Mede onder invloed van de deregulering kwam de erkenning van gasfitters tegen het einde van de eeuw te vervallen.
Kiwa-keurmerk
In 1948 werd het Keurings Instituut voor Waterleiding Artikelen (Kiwa) opgericht door de Nederlandse drinkwaterbedrijven met als doel zorg te dragen voor de kwaliteit van het drinkwater in Nederland. Eisen werden opgesteld waaraan artikelen in het drinkwaternet, zoals waterleiding, fittingen en kranen, moesten voldoen. Kiwa voerde (en voert) tests uit op dergelijke artikelen. Producten die aan de eisen voldoen, worden in 2024 nog altijd voorzien van het Kiwa Keurmerk. Later werd Kiwa internationaal actief op het gebied van onafhankelijke kwaliteitsbeoordeling en kwaliteitsverklaringen voor producten en diensten in een groot aantal markten. In 1984 was Kiwa de tweede certificatie-instelling die werd erkend door de Raad voor Certificatie (nu: Raad voor Accreditatie).

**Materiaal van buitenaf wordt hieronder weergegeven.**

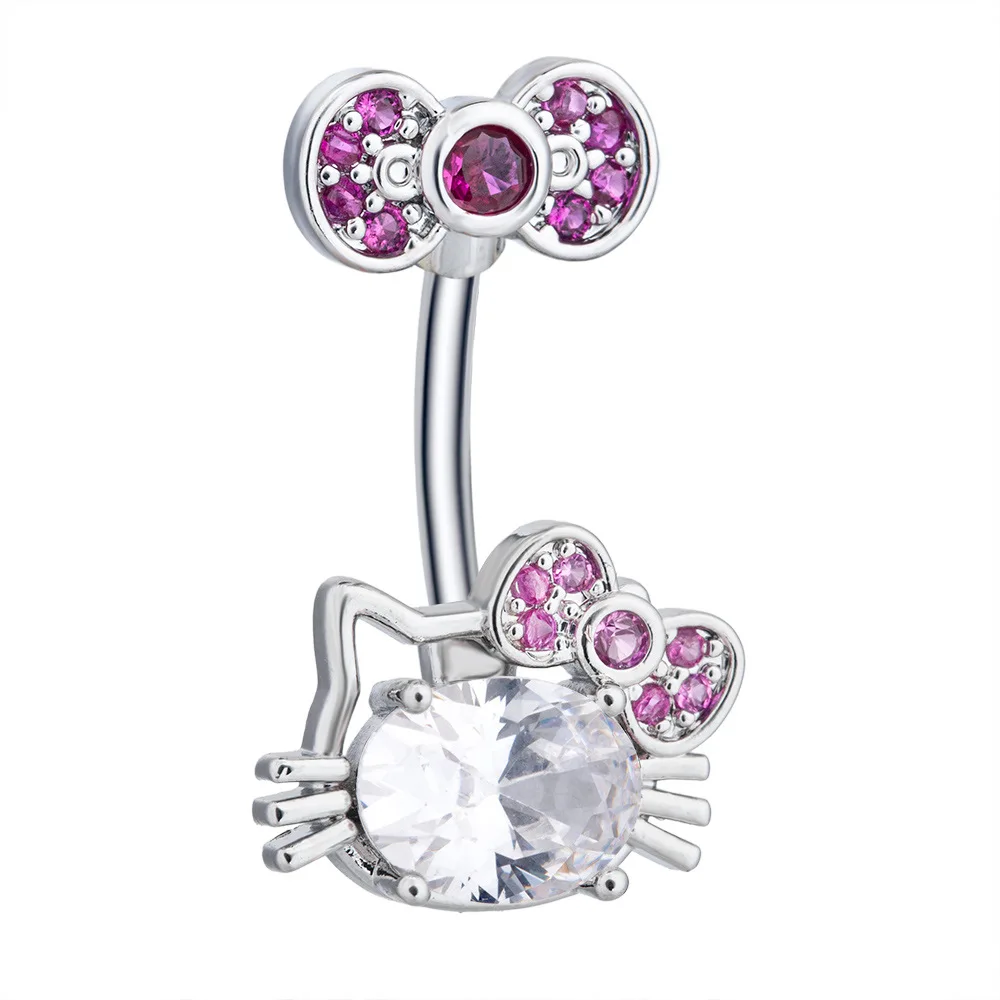 316L Surgical Steel CZ Bow Belly Button Ring For Navel Piercing - Image 2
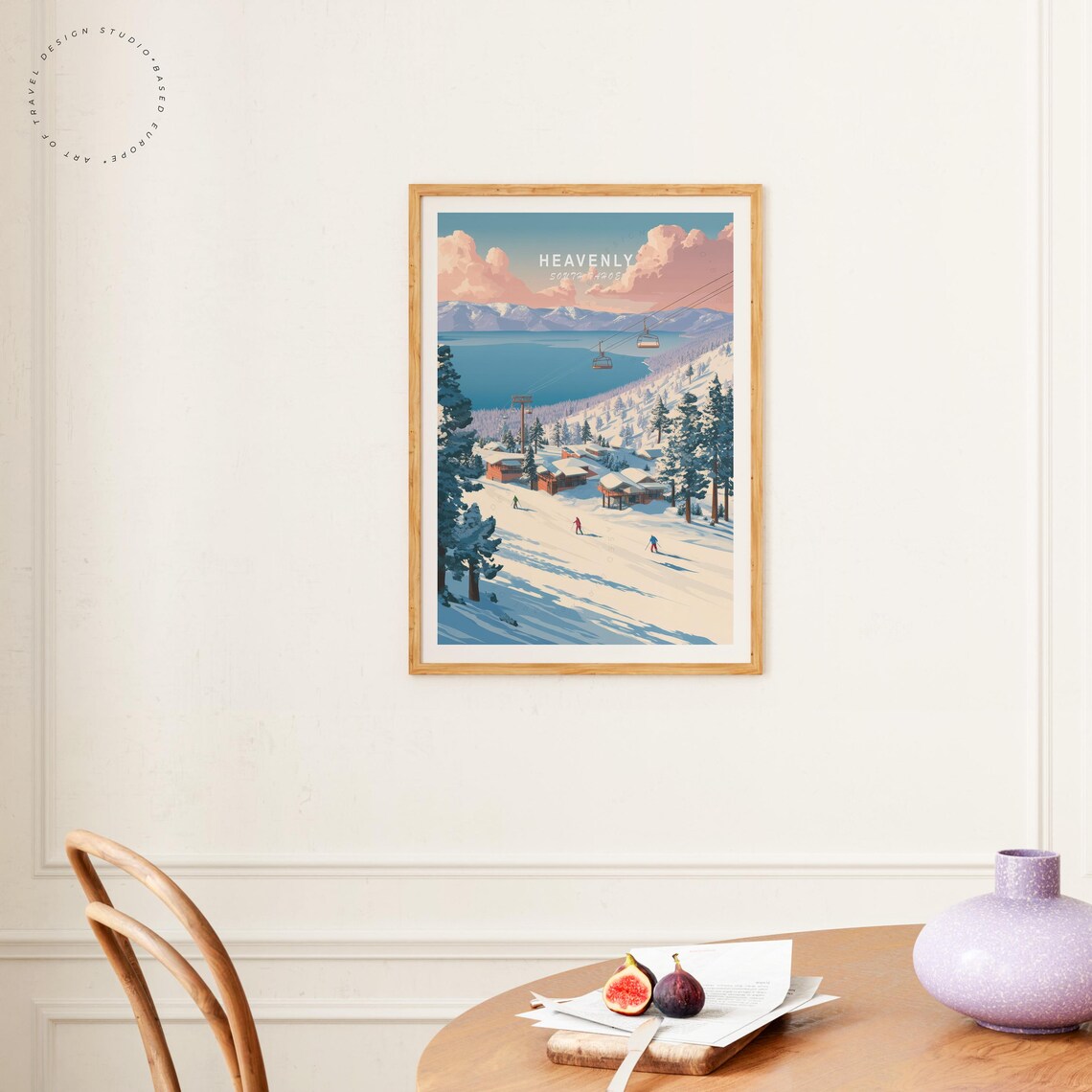 Heavenly South Tahoe Snowy Ski Village Lake View Vintage Art Poster - Image 4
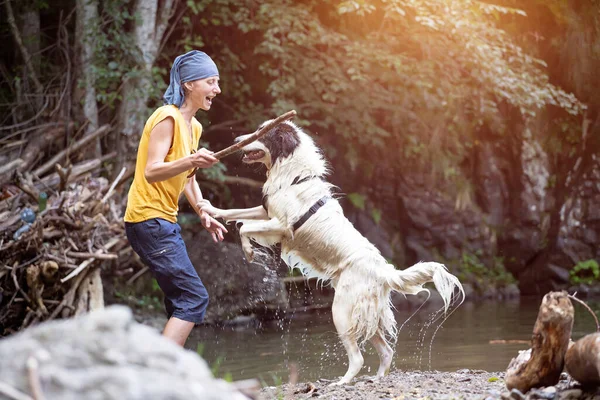 Young Woman Playing Her Dog Shallow River Water Woods — Stock Photo, Image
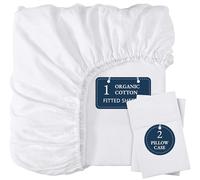 Lane Linen Organic Cotton King Fitted Sheet - Ultra Soft & Breathable with 2 Pillow Covers, 35cm Deep Pocket, Elastic Edges Bottom Sheet - White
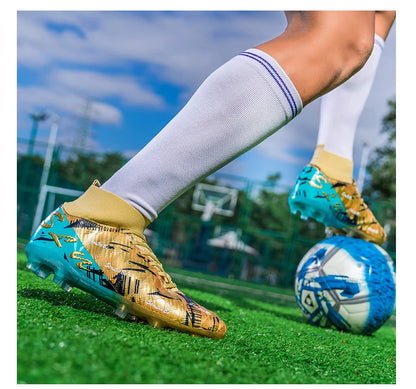 Sapatilhas de futebol de marca e estilo para homem e mulher, botas profissionais de campo, tamanho grande 46, pitões longos, chuteiras de futebol para homem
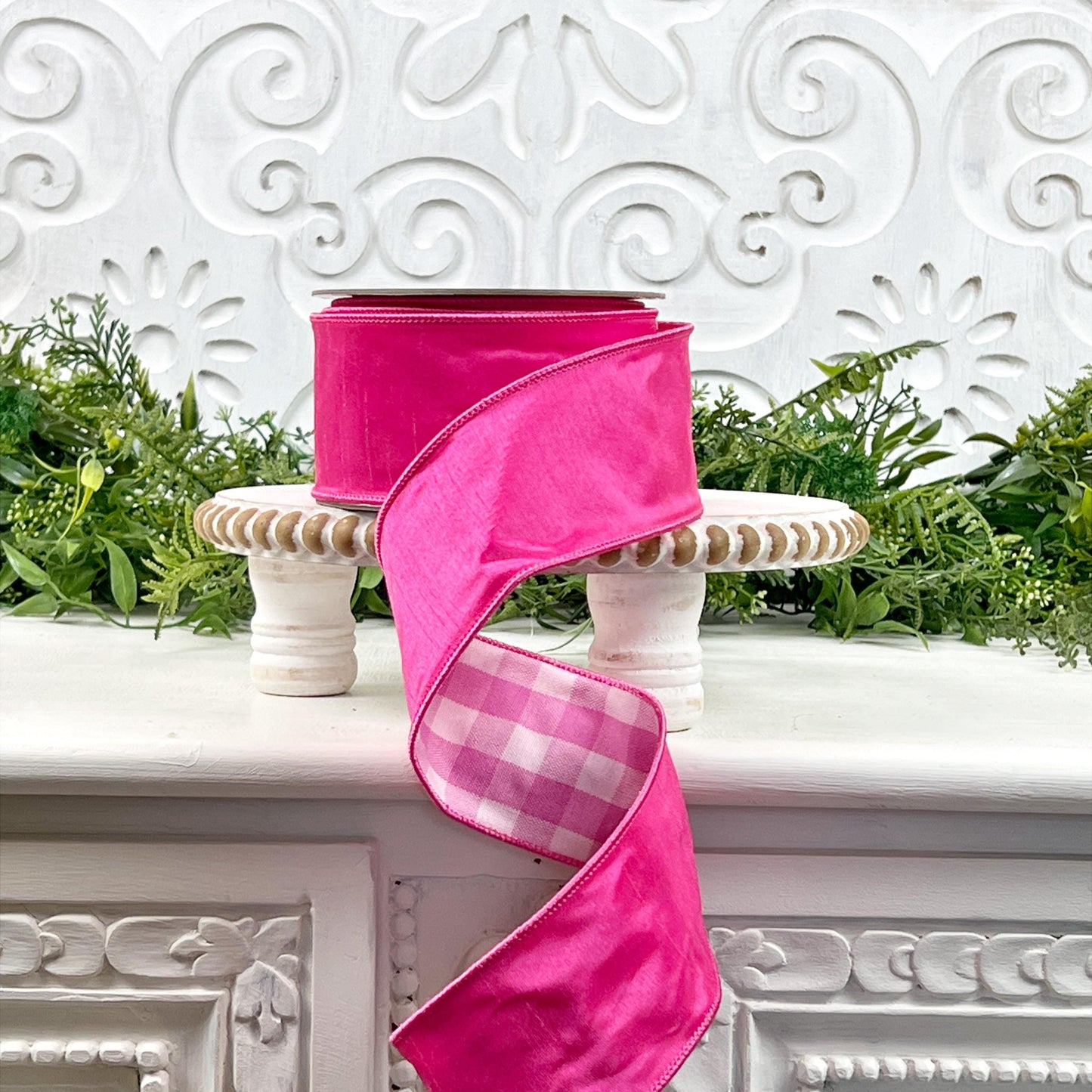 Nancy Brown's Hot Pink and Gingham Dupion Ribbon - Luxury Wired Dupion Ribbon for Home Decor, Wreaths, and Events, Pink Holiday Decor,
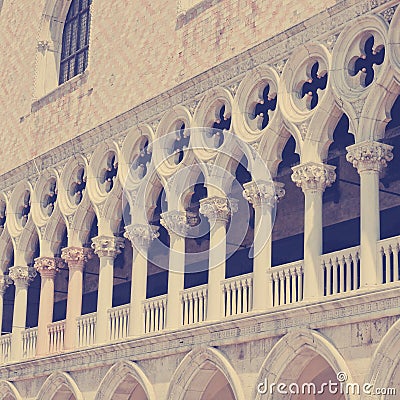 Architectural detail of the facade of Palazzo Ducale Stock Photo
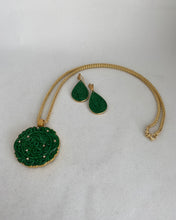 Load image into Gallery viewer, 18K DEEP GREEN CARVED JADE MEDALLION PENDANT WITH DIAMONDS
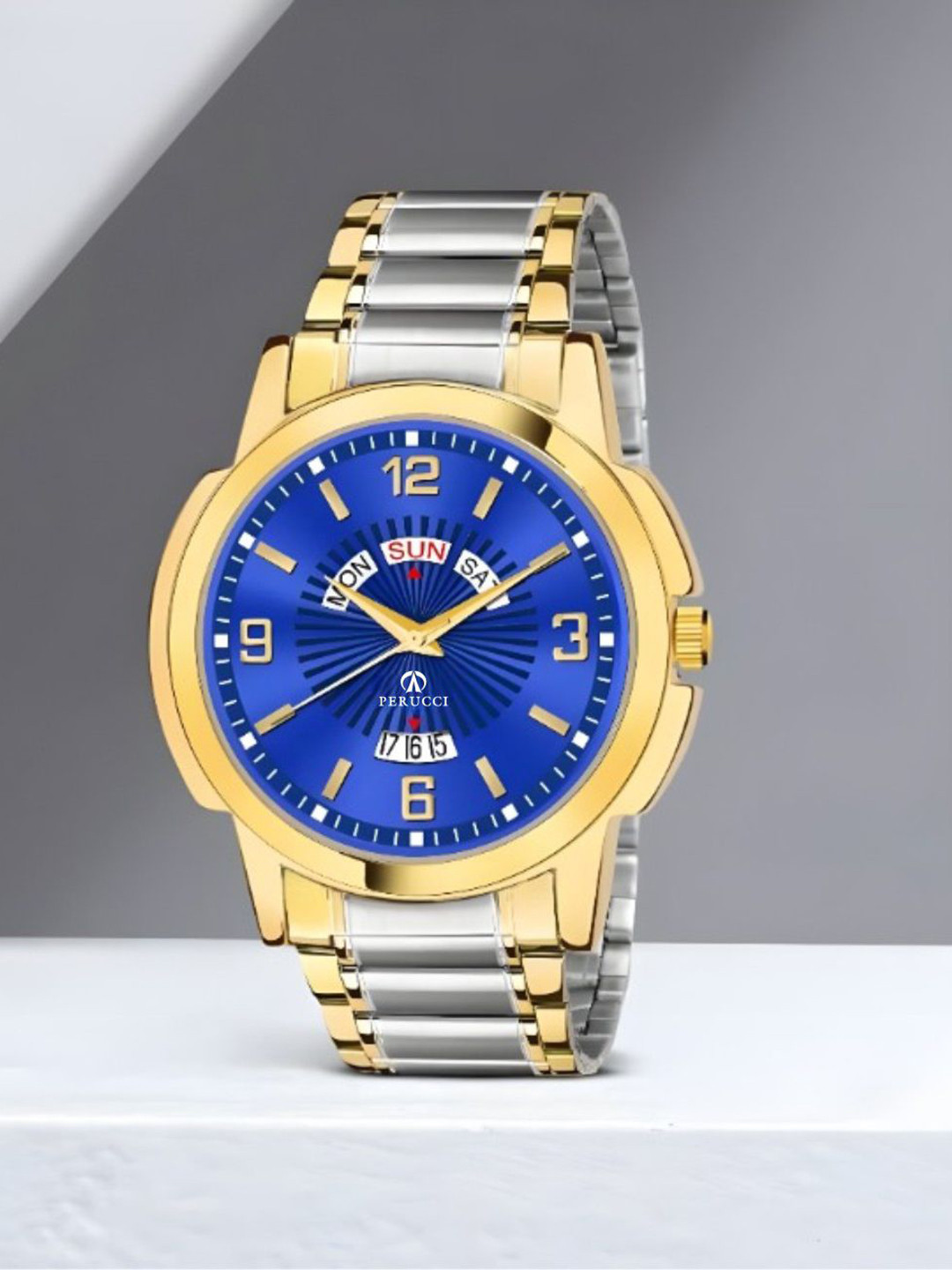 PERUCCI Men Textured Dial & Straps Date Aperture Analogue Watch P-440 Daul Tone Blue Date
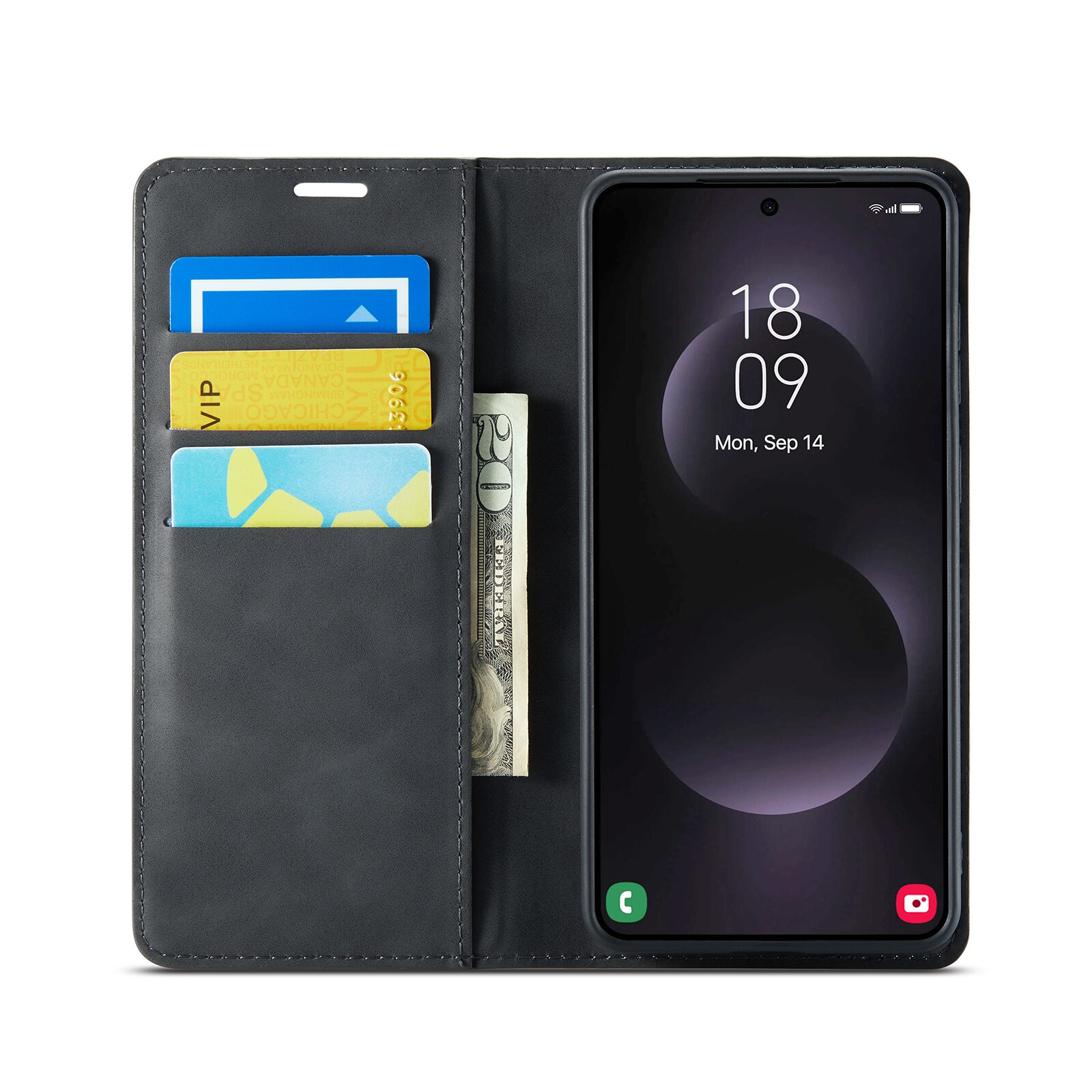 Coque portefeuille mince Samsung Galaxy S25 Edge, Noir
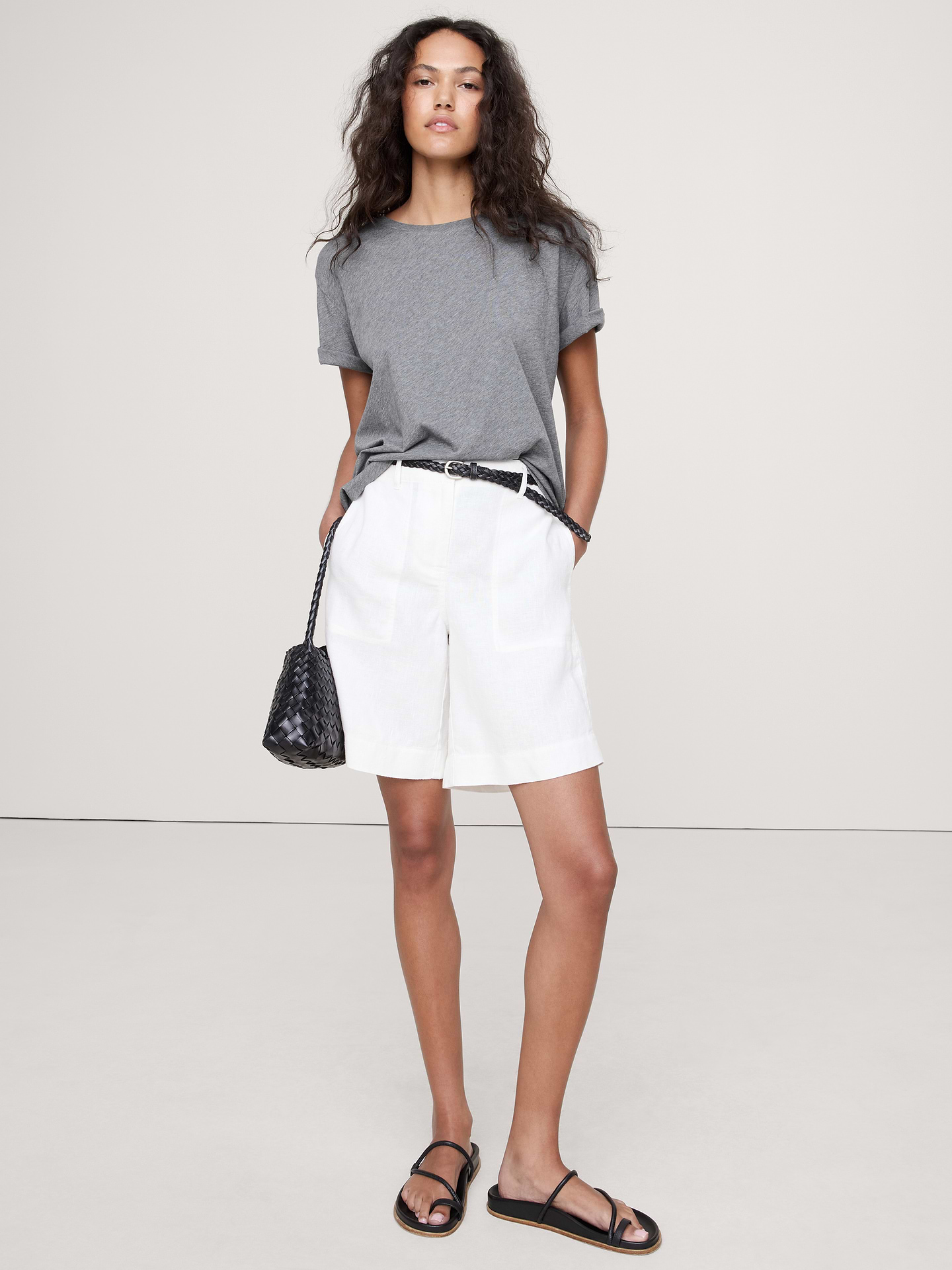 Image 1 of 1, One of our most luxurious tees yet, this one is cut for an oversized fit in our cotton-silk jersey (so it's ultra-soft and drapey)., Oversized fit: Extra room through chest, shoulders, and waist. Dropped shoulder seams., Crew neck., Straight hem., *White is semi-sheer., Product #828898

Stand van zaken consumentenmarkt
De situatie op de consumentenmarkt tegen 1950 werd als volgt beschreven in het boek Tussen te koop en miskoop. De geschiedenis van de consument en zijn belangen in Nederland, uitgegeven door Meijer Pers bv (Amsterdam 1976) ter gelegenheid van het vijftigjarig bestaan van het IVHA (p. 61):
Op het gebied van de voeding was er de Warenwet met zijn voorschriften op het punt van levensmiddelen. Op het gebied van textiel was echter merkwaardig genoeg, alleen kapok aan wettelijke voorschriften gebonden. Kortom, behalve aan het keurmerk van het Gasinstituut dat alle toestellen van een keur voorzag als zij goed bevonden waren, de KEMA-keur en de IVHA-keur, had de huisvrouw geen enkel houvast. Men wist op een eenvoudige manier direkt bij aankoop dat artikelen met zo’n keur aan bepaalde normen van deugdelijkheid en/of veiligheid voldeden.
Bij alle vijf genoemde keurmerken gaat het om productcertificatie. Met IVHA-keur werd het NVvH-keurmerk bedoeld. De Bondskeurmerken van de ANWB werden niet genoemd, mogelijk omdat ze geen producten maar diensten certificeerden.
Giveg-keur, Gaskeur
In 1952 stelde de Koninklijke Vereniging van Exploitanten van Gasbedrijven het Giveg-keur voor gastoestellen in. De keuringseisen hadden niet alleen betrekking op veiligheid, maar ook op doelmatigheid. Via de Gasinstallatievoorschriften (Gavo) voor aansluiting van toestellen op het gasnet werd het Giveg-keurmerk verplicht gesteld voor alle gastoestellen. De voorloper van het Giveg-keur was het keurmerk van de Gasstichting, dat al in 1934 bekend was:
Onwillekeurig vraagt men zich af, welke kachel is voor mij dan het meest geschikt? Ten einde op deze vraag volledig antwoord te verkrijgen, waarbij ook rekening is te houden met plaatselijke omstandigheden, is het noodig, dat U zich door den technischen dienst der Gemeentegasfabrieken laat voorlichten. Behalve dat men U uitsluitend goed geconstrueerde gasapparaten adviseert, die, als bewijs van hun deugdelijkheid, het keurmerk der „Gasstichting” te ’s-Gravenhage mogen voeren, zal men U ook de voor elk bijzonder geval meest geschikte kachel of radiator kunnen aanraden, welke geheel aan de door U gestelde eischen voldoet. De zooeven genoemde Gasstichting, die zich o.m. bezig houdt met het onderzoek naar nuttig effect en constructie van gasapparaten, werkt volgens de voorschriften, vastgesteld door de Vereeniging van Gasfabrikanten in Nederland, en dit garandeert U toestellen, die aan de hoogste eischen kunnen voldoen. Bron: De Standaard, 21 september 1934.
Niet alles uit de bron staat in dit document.